Le fichier FAED, fichier automatisé des empreintes digitales, a été créé par le décret n°o 87-249 du 8 avril 1987. Il est également utilisé pour vérifier l'identité des personnes retenues en application de l'article 78-3 du code de procédure pénale ou dans les conditions de l'article L. 142-2 du CESEDA. Plus précisément, il permet d'identifier les personnes par comparaison biométrique des traces et empreintes relevées sur les lieux de commission d'infractions et de s'assurer de la véritable identité des personnes mises en cause dans une procédure pénale ou condamnées à une peine privative de liberté. L'enregistrement de traces d'empreintes digitales ou palmaires donne lieu à l'établissement d'une fiche alphabétique qui comporte notamment l'identification de la personne, la nature de l'affaire et la référence de la procédure, l'origine de l'information et les clichés anthropométriques dans le cas d'empreintes. Toutes les informations peuvent être conservées pendant 25 ans. L'accès au FAED est prévu par le décret en date du 8 avril 1987.
La CEDH juge 'que la conservation, dans un fichier des autorités nationales, des empreintes digitales d'un individu identifié ou identifiable constitue une ingérence dans le droit au respect de la vie privée' (M. K. c. France du 18 avril 2013, requête no 19522/09, point 29 ' S. et [O] c/ Royaume-Uni, § 86) et d'autre part, que la législation interne doit donc ménager des garanties appropriées pour empêcher toute utilisation de données à caractère personnel qui ne serait pas conforme aux garanties prévues dans l'article 8 CEDH (S. et [O], précité, § 103, [E] c/ France, requête no 16428/05, § 62 ; [S] c/ France, requête no 5335/06, § 61).

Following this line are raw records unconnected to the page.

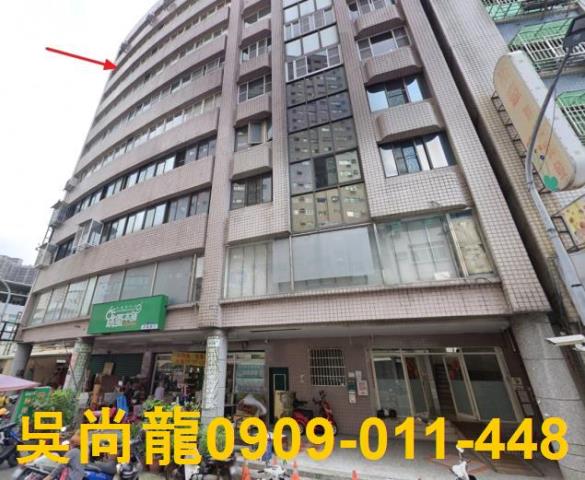 高雄三民區法拍法拍屋-3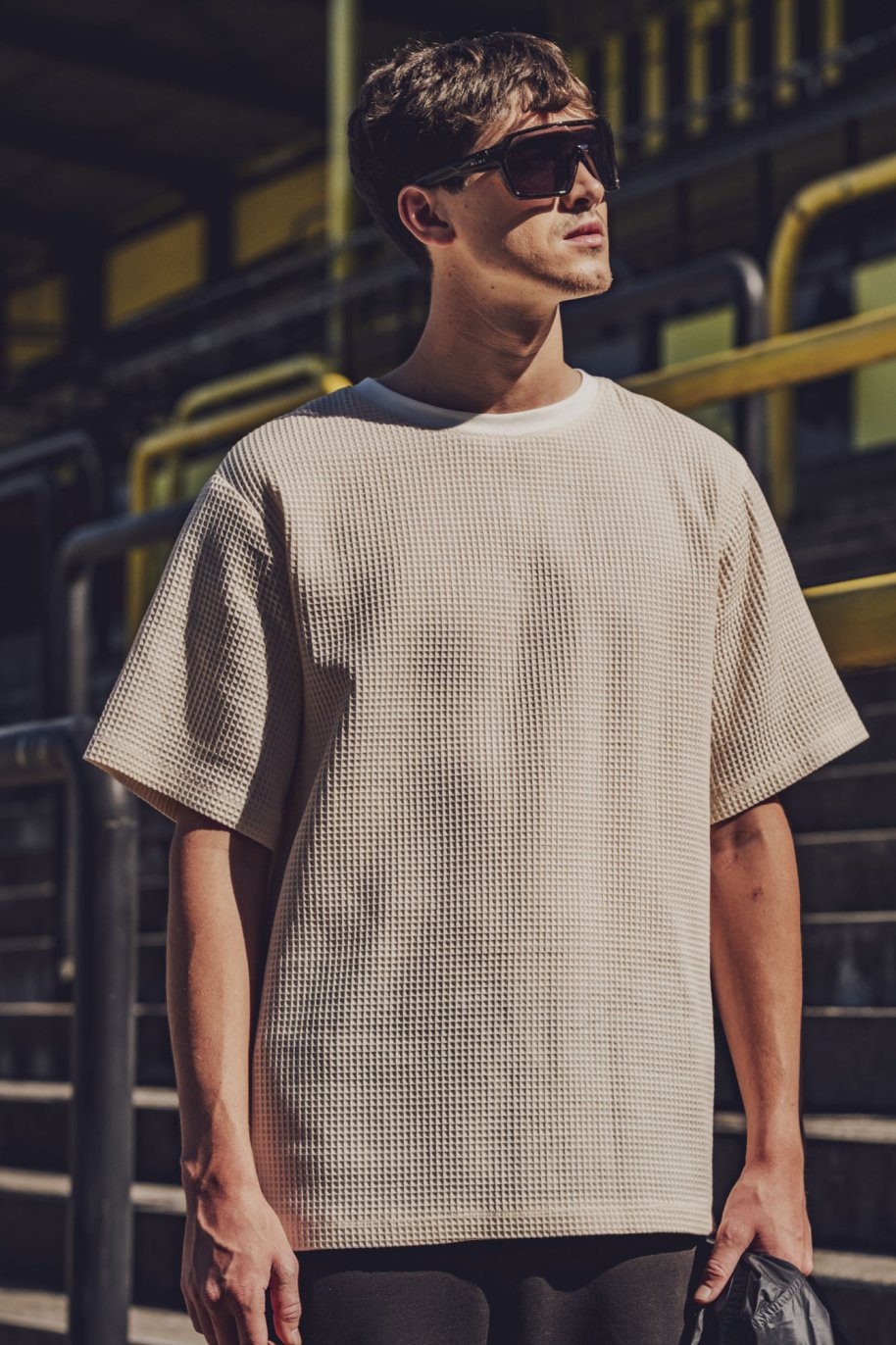 PDF Pattern - Elif | Fibre Mood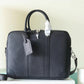 Ozarra Fashion Lu-Vi bags - 9784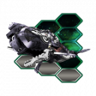 Captain Neo Trophy
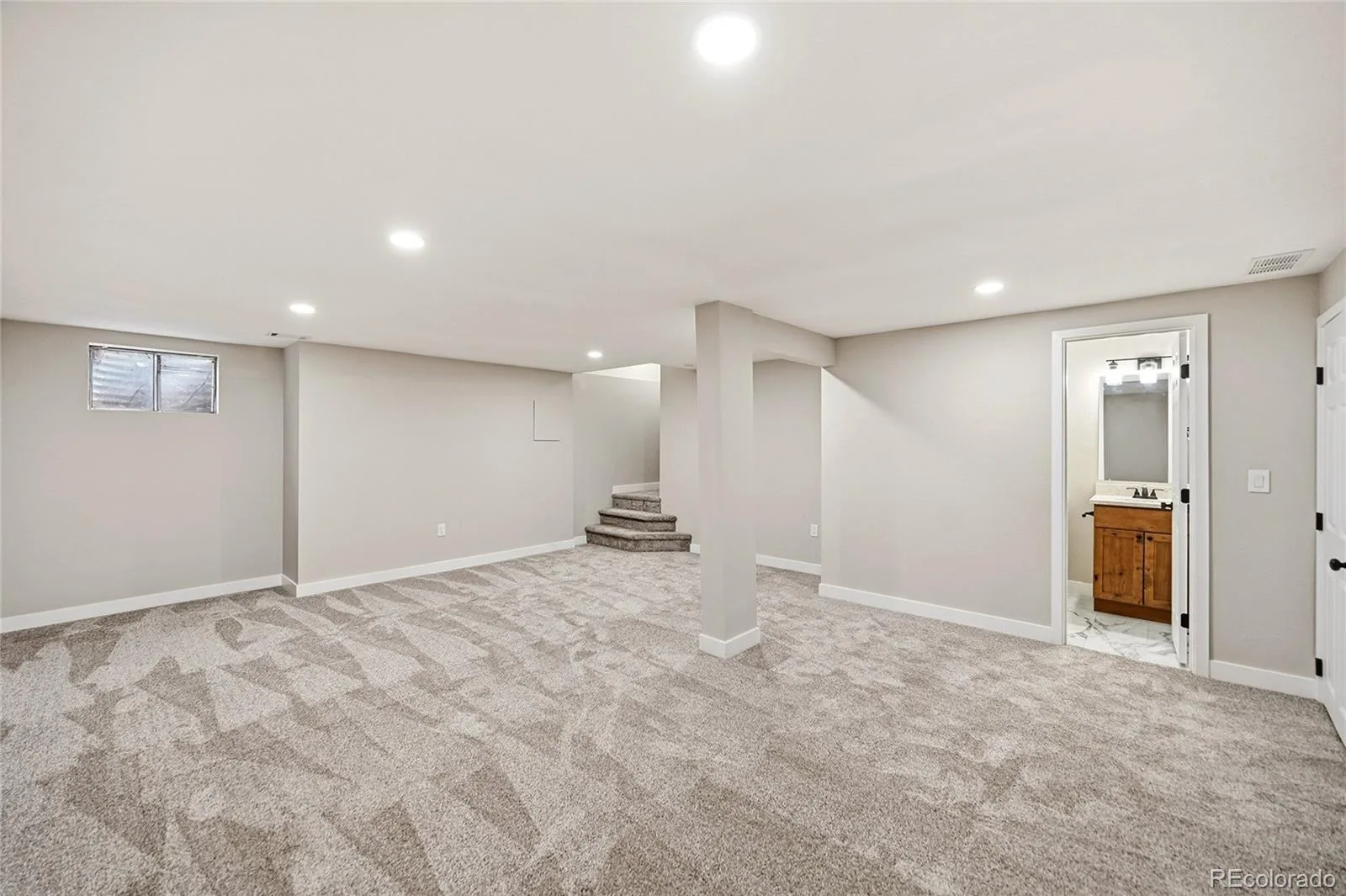 2888 S Ursula Street Aurora CO 80014 MLS #REC6178709 05292026165628 1600 16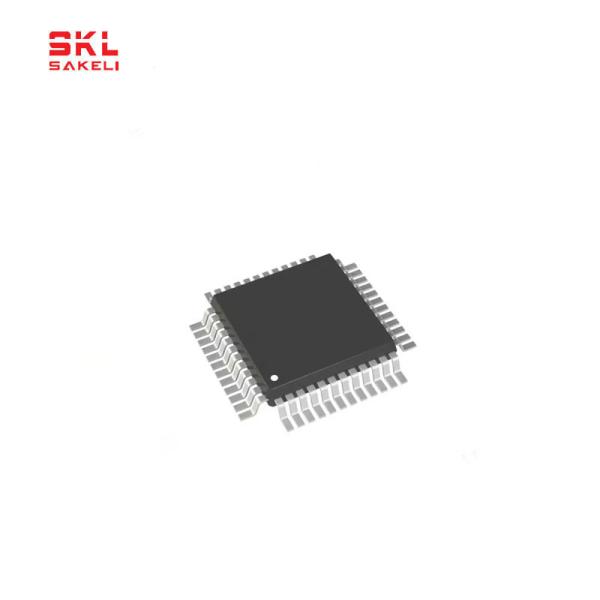 Buy cheap STM32L031K6T6TR MCU Microcontroller Unit - Low Power High Performance from wholesalers
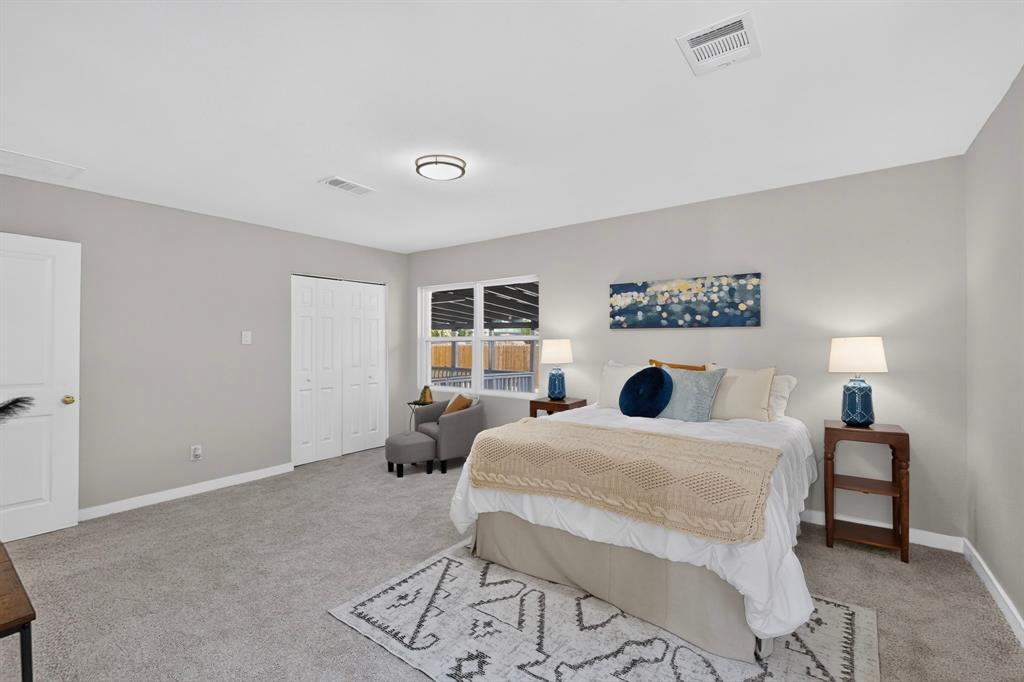 811 Tarryall Drive Property Photo 17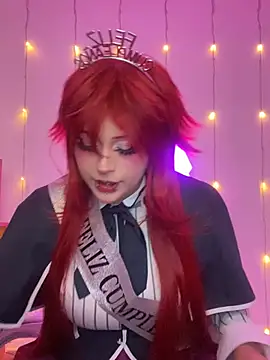 Elice cooper  online show from 13, 6, 2026
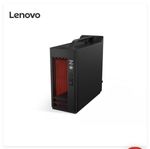 Stationär Dator ”Lenovo Legion” och Philips skärm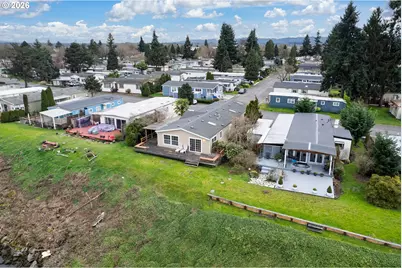 1503 N Hayden Island Dr #129, Portland, OR 97217 - Photo 21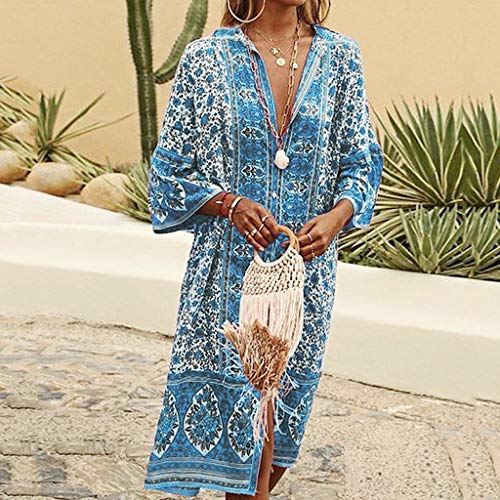 Camiseta Interior lencera Ropa Interior Femenina Transparente Camisola Dormir Mujer Buscar Ropa Interior Femenina Ropa Interior atrevida Pijamas economicos Mujer Camisones de embaraza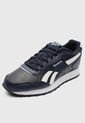 Tenis Reebok Glide Azul de Reebok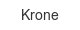 krone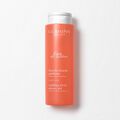 Eau Des Jardins Uplifting Shower Gel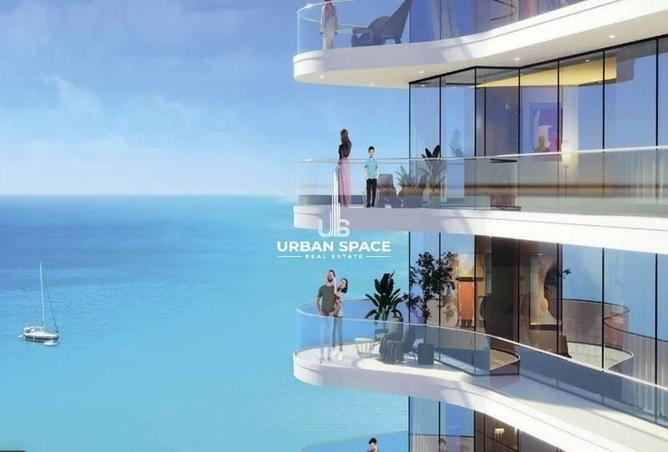 16077132 - Property Main Image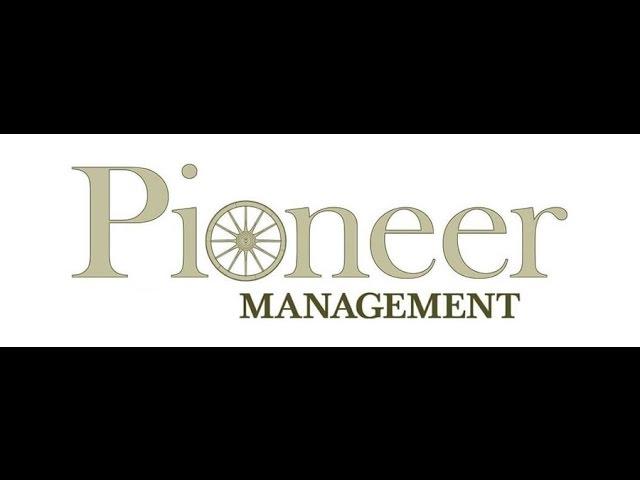 Eugene Oregon Townhome for Rent by Pioneer Property Management 1676 #B Hayes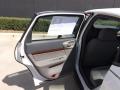2004 Impala  #26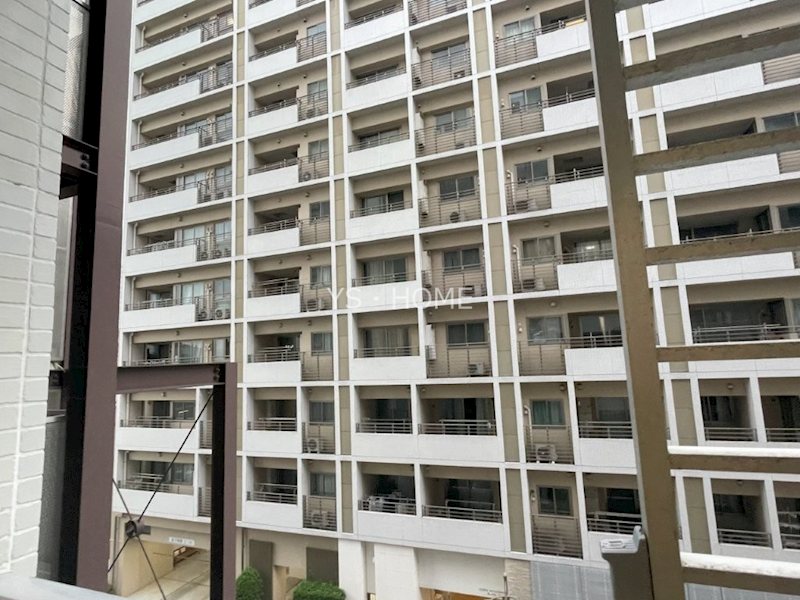 グランプレオ武蔵野　　 その他1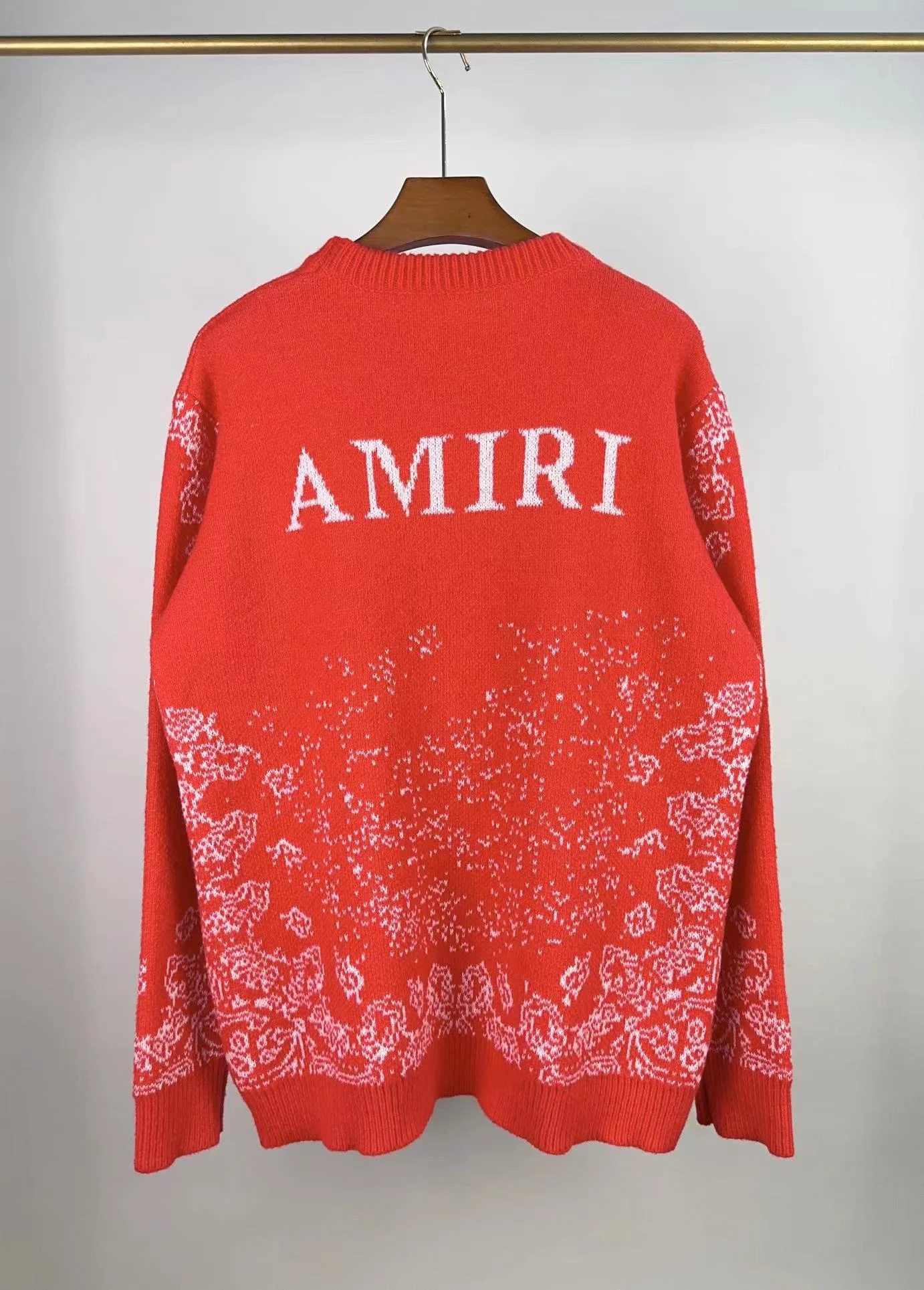 AMIRI $52 gallery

Au regard de l'ingérence dans le droit au respect de la vie privée que constituent, au sens de l'article 8 de la Convention de sauvegarde des droits de l'homme et des libertés fondamentales, la conservation dans un fichier automatisé des empreintes digitales d'un individu identifié ou identifiable et la consultation de ces données, l'habilitation des agents à les consulter est une garantie institutionnelle édictée pour la protection des libertés individuelles.
En l'occurrence, il résulte du procès-verbal de police en date du 2 mai 2023 à 18h15 que le FAED a été consulté par Mme [X] agent spécialement habilitée à cette fin.
La procédure apparaît donc régulière et la décision sera confirmée.
PAR CES MOTIFS
Statuant publiquement par décision réputée contradictoire en dernier ressort, après débats en audience publique,
Confirmons l'ordonnance du Juge des libertés et de la détention de NICE en date du 05 Mai 2023.
Les parties sont avisées qu'elles peuvent se pourvoir en cassation contre cette ordonnance dans un délai de 2 mois à compter de cette notification, le pourvoi devant être formé par déclaration au greffe de la Cour de cassation, signé par un avocat au conseil d'Etat ou de la Cour de cassation.